Pero, al mismo tiempo, a veces ¿no ha podido aplicarse a nuestras relaciones internas lo que un ex alcalde de Lyon - Noir- achacaba a la clase política francesa? “Francia está enferma, enferma del clima de cada uno a lo suyo que prevalece hoy en día, un clima que enfrenta a unos contra otros y alimenta el temor, la tensión, la intolerancia y la exclusión”.

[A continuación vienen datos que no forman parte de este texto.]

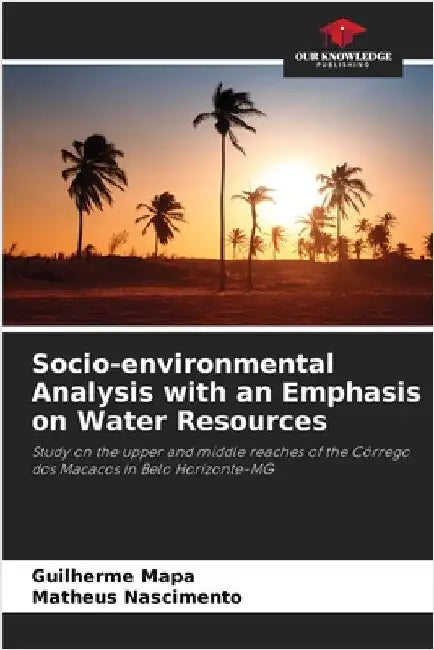Socio-environmental Analysis with an Emphasis on Water Resources by Mapa, Guilherme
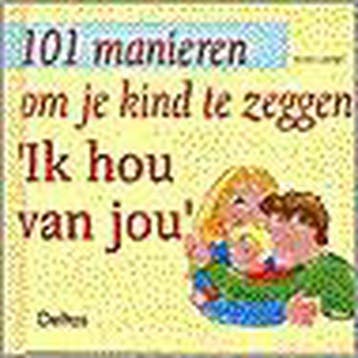 101 manieren om je kind te zeggen Ik hou van jou - V. Lansky, Verzenden, Zo goed als nieuw, V. Lansky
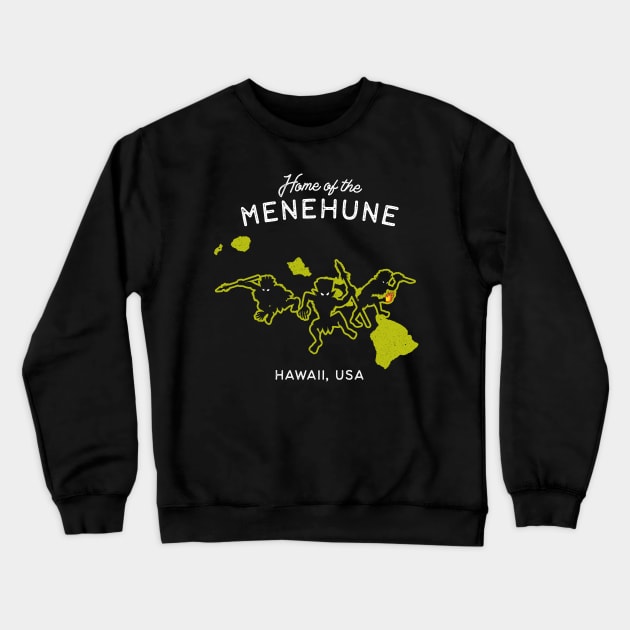 Home of the Menehune - Hawaii, USA Cryptid Legend Crewneck Sweatshirt by Strangeology
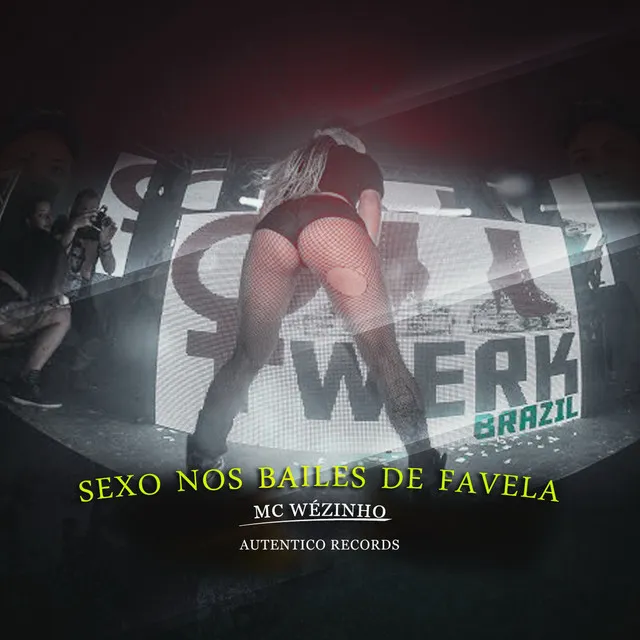 Sexo nos Bailes de Favela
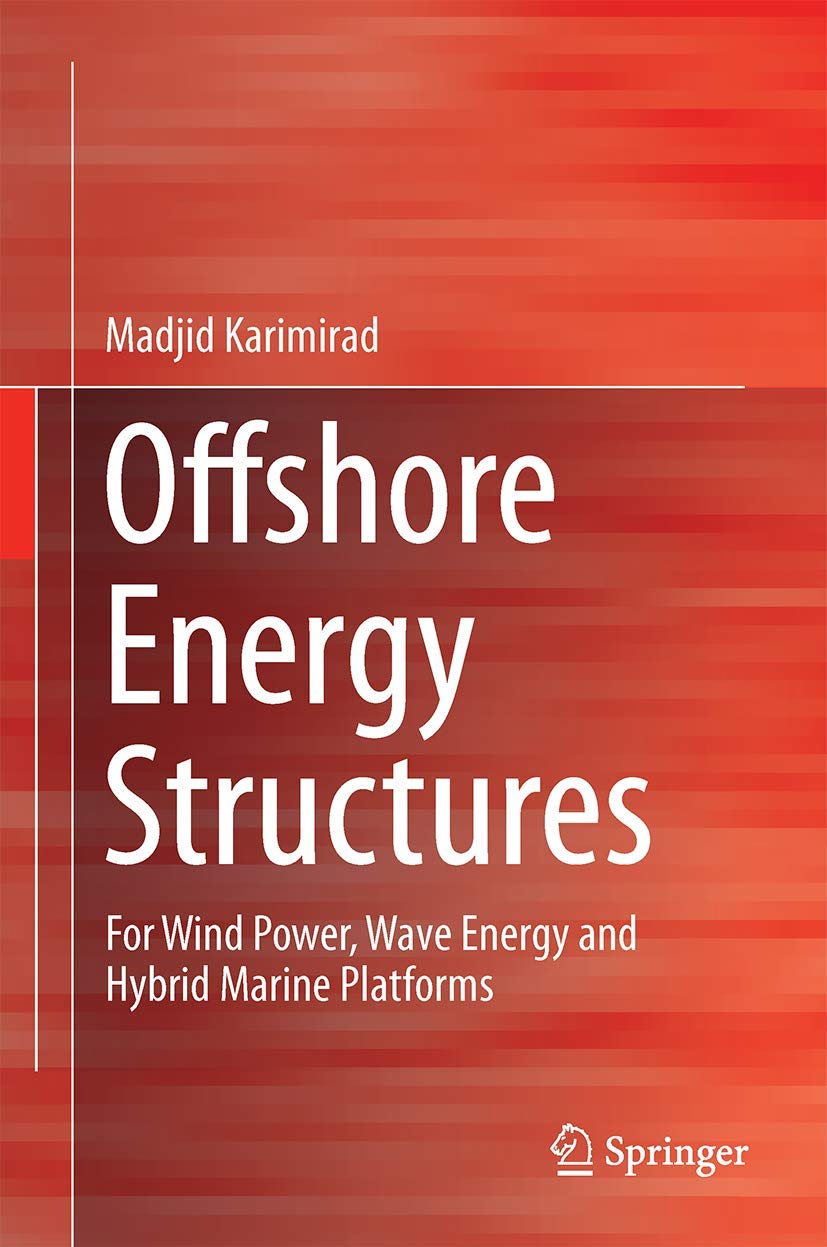 Buy Offshore Energy Structures: For Wind Power, Wave Energy and Hybrid Marine Platforms — BookShops.in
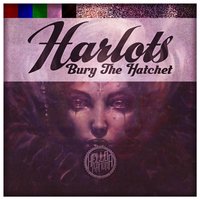 Harlots (Bury the Hatchet) - Hello Ramona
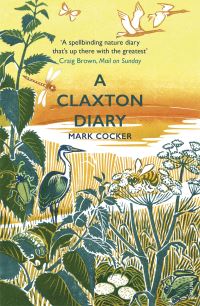 Book Cover for A Claxton Diary by Mark Cocker
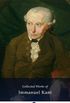 Delphi Collected Works of Immanuel Kant (Illustrated)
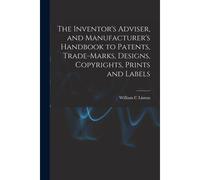 The Inventor's Adviser, And Manufacturer's Handbook To Patents, Trade-Marks, Designs, Copyrights, Prints And Labels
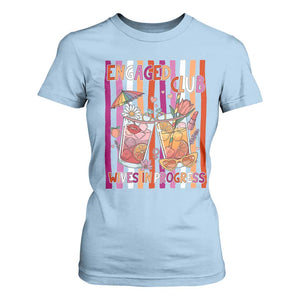 Engaged Club Wives In Progress T Shirt For Women Lesbian Bachelorette Engagement Gift TS12 Light Blue Print Your Wear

Ante ese panorama, ¿rebajamos la retórica al nivel de la realidad o elevamos la realidad al de la retórica? Se impone lo segundo. Se habla de unidad, integración, coherencia, lealtad, ética, que son palabras a las que se ha sometido a un empleo frívolo hasta el manoseo. Pero Vaclav Havel decía que la misma palabra puede ser verdadera un día y falsa otro, un día luminosa y otro decepcionante. Hay que desconfiar, por tanto, inicialmente de las palabras. Es más conveniente, por eso, caminar desde la desconfianza a la confianza que hacer el camino inverso, que es el itinerario siempre doloroso de la frustración, del desengaño o de la decepción. Para lograrlo, la razón debe ser generosa y el corazón eficaz, decía Rocard.
El presidente checo dijo que “La gente que odia desea alcanzar lo inalcanzable y se consume ante la imposibilidad de alcanzarlo, carecen de la capacidad de dudar de lo propio, de relativizar sus propias posiciones. Tienden a lo absoluto y, en política, al poder absoluto”. El odio, que se manifiesta en los vetos, el doble lenguaje y el linchamiento moral del otro, destruye porque conduce a la intransigencia. Lo contrario es la tolerancia. Pero si la tolerancia es ilimitada, la osadía de los desaprensivos y arribistas exige a los demás una precaución: que la tolerancia tiene un límite: lo intolerable.
Ante cualquier comportamiento inapropiado hay que estar con Wittgenstein: “Que la ética es más para ser mostrada, que para ser dicha”. Se impone un muro de rechazo y de valores: “Si esa política exige canallas, que no cuenten con nosotros”. Se llama rearme moral. Corría el 22 de diciembre de 1992.